This Thursday, NASA’s Imaging X-ray Polarimetry Explorer (IXPE) satellite was launched at liftoff on a SpaceX Falcon 9 rocket, the first satellite capable of measuring the polarization of X-rays from cosmic sources such as black holes and neutron stars.
This polarization is a property of light that describes the orientation of its electrical and magnetic energy.
SpaceX launched the spacecraft on its $188 million mission from Kennedy Space Center.
IXPE will create images to better understand the universe
The fridge-sized IXPE satellite, or observatory, has three telescopes, each equipped with a set of mirrors and a detector that allow it to track and measure four properties of light – its direction, arrival time, energy and polarization.
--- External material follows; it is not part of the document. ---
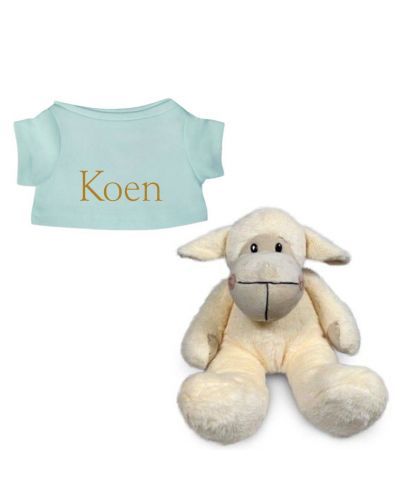 Schaap knuffel met naam geborduurd T-shirt Mintgroen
Combining all these data creates images that could help better understand how celestial objects work, such as the structure of the Crab Nebula, a supernova remnant with a rapidly spinning neutron star at its center.
As planned, the rocket’s first stage will land SpaceX’s drone ship “Just Read the Instructions” after ferrying IXPE to space.
IXPE is going to open a new window on the X-ray sky
Scientists said the observatory will unveil the most dramatic and extreme parts of the universe as never before.
“IXPE is going to open a new window on the X-ray sky,” Brian Ramsey, NASA’s deputy principal scientist, said this week to AP.
“[IXPE] is going to look at the really wonderful zoo of neutron stars and black hole systems, [in] and out of the galaxies,” Martin Weisskopf, chief scientist for x-ray astronomy at NASA’s Marshall Space Flight Center and principal investigator for IXPE, said to MIT Technology Review’s Tatyana Woodall.